Hi All,
I am hoping to get more involved in the upstream Kafka community. To that end,
I was trying to keep up with the KIPs that were currently under discussion.
However, I found it hard to keep track of what was and wasn't being discussed
and the progress they were making. Some KIPs appeared abandoned but will still
classed as "Under Discussion".
So, during a very rainy week on holiday, I created a tool (which I called
KIPper [[1](https://github.com/tomncooper/kipper)]) to parse the dev mailing
list archive and extract all KIP mentions. I paired this with information
parsed from the confluence (wiki) API to create an enriched table of the KIPs
Under Discussion [[2](https://tomncooper.github.io/kipper/)].
The table shows a "Status" for each KIP, which is based on the last time the
KIP was mentioned in the subject line of an email on the dev mailing list.
Green for within the last month, yellow for the last 3 months and red for
within the last year.
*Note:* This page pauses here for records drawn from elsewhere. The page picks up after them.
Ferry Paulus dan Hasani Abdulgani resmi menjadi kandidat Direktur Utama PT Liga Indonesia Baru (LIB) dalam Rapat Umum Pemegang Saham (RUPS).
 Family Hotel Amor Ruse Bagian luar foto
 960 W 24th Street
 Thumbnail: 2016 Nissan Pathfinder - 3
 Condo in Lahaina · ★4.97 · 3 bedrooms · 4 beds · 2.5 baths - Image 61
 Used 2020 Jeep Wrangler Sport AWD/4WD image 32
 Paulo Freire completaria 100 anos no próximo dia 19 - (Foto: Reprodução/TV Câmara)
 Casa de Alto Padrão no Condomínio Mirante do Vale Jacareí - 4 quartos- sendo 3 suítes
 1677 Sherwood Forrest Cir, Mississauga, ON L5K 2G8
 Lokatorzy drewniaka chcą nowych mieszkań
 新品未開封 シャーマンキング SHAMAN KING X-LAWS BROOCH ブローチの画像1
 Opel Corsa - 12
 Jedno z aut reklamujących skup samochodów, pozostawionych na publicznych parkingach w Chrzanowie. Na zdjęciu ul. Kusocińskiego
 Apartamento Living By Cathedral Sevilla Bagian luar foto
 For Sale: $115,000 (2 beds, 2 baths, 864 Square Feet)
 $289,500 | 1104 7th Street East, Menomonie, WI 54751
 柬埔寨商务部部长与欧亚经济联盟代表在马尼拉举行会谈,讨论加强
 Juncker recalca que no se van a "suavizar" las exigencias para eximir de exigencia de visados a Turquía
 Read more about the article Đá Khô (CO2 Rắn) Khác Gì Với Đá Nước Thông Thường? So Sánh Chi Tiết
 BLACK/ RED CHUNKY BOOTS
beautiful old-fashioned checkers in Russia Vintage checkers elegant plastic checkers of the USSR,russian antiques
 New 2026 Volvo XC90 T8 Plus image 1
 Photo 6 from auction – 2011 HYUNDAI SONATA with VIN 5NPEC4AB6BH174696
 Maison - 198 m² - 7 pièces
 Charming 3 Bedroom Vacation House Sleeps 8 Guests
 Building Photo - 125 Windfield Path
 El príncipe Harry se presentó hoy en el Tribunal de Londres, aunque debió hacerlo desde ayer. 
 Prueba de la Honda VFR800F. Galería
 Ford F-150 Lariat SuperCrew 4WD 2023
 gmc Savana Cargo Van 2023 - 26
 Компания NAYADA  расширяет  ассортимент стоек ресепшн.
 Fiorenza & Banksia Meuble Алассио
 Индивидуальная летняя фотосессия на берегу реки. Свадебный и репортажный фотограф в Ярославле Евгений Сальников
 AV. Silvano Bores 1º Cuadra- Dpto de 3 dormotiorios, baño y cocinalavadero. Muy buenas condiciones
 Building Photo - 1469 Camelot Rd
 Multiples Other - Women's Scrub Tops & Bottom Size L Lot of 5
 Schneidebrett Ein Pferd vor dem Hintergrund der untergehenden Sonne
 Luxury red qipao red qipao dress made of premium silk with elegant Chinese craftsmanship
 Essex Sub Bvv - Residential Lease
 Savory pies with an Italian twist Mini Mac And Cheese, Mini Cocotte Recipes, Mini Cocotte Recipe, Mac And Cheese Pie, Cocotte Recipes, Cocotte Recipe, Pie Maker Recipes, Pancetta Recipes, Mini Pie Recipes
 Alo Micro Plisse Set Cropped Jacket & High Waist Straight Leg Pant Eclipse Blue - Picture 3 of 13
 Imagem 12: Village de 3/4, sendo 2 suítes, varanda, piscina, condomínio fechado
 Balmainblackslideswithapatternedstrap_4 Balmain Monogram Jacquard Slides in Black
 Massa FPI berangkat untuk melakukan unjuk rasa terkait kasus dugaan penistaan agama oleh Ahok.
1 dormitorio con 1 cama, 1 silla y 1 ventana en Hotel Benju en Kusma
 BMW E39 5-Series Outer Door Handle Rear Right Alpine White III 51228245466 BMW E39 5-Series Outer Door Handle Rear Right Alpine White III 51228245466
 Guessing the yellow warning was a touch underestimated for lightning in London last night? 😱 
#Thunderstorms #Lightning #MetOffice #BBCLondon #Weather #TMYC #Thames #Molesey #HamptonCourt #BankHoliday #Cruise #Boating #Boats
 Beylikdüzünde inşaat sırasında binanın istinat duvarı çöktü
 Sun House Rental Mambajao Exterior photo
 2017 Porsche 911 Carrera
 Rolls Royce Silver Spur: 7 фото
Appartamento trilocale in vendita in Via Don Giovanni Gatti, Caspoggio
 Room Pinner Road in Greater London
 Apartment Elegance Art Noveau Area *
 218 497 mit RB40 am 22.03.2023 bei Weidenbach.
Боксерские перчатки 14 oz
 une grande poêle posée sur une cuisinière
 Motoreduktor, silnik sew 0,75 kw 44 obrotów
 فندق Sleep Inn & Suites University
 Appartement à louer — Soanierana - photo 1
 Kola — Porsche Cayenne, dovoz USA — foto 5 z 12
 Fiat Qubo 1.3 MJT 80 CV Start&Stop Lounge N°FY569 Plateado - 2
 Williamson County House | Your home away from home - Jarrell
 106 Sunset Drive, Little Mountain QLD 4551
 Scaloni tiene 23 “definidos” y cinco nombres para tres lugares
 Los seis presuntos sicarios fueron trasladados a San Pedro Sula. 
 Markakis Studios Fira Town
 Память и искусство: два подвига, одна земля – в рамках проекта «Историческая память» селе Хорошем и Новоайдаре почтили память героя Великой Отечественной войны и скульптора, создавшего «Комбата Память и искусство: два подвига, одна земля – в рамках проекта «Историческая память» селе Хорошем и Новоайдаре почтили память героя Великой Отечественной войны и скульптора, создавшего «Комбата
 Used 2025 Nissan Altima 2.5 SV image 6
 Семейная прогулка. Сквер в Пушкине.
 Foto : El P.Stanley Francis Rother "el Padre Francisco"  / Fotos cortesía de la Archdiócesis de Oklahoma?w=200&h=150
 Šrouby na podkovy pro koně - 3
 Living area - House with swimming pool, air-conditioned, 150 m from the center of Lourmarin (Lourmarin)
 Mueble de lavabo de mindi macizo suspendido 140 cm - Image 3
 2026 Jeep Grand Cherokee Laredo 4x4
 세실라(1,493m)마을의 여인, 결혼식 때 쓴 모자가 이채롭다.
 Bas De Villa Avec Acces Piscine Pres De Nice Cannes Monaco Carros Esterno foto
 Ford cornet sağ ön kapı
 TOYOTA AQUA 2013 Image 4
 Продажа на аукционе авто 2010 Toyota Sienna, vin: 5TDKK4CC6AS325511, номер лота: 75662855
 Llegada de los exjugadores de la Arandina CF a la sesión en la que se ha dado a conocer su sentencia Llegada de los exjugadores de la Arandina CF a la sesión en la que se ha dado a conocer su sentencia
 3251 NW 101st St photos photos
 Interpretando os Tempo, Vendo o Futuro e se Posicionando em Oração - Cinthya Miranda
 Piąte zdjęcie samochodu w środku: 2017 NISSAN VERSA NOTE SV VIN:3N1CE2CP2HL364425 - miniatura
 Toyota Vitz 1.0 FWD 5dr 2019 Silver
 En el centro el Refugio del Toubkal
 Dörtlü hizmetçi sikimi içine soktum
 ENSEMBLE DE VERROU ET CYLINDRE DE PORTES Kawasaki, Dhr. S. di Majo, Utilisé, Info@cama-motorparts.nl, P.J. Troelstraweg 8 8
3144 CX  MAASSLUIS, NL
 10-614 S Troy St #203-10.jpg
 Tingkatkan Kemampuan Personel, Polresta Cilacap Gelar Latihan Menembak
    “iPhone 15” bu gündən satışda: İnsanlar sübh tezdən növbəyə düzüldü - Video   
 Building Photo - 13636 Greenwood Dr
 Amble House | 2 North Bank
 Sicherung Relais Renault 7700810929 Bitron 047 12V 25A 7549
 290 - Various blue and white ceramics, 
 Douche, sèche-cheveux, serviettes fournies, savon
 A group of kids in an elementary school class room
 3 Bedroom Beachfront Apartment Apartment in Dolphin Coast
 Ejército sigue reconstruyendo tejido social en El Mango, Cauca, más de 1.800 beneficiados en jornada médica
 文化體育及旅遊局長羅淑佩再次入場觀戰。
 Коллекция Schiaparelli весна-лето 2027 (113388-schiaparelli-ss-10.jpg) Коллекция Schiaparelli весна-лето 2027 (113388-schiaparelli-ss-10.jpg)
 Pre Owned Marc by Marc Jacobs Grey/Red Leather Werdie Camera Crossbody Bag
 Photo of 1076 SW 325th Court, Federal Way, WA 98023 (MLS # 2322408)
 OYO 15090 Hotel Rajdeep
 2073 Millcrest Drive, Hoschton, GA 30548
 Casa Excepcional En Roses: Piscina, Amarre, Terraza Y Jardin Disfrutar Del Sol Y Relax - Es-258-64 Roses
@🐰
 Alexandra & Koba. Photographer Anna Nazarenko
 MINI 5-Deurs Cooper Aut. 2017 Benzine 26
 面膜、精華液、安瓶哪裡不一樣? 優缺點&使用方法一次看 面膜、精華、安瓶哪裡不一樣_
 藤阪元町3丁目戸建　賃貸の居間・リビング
If the status is black then it hasn't been mentioned in
over a year.
I also added vote information, but this is only indicative as it is based on
parsing the non-reply lines (without ">" in) of the email bodies so could hold
false positives.
In the spirit of the discussion on closing stale PRs
[[3](https://lists.apache.org/thread/66yj9m6tcyz8zqb3lqlbnr386bqwsopt)], it
might be a good idea to introduce a new KIP "state" alongside "Under
Discussion", "Accepted" and "Rejected" (and their numerous variants
[[4](https://github.com/tomncooper/kipper/blob/0bbb5595e79a9e075b0d2dc907c84693734d7846/kipper/wiki.py#L54)]).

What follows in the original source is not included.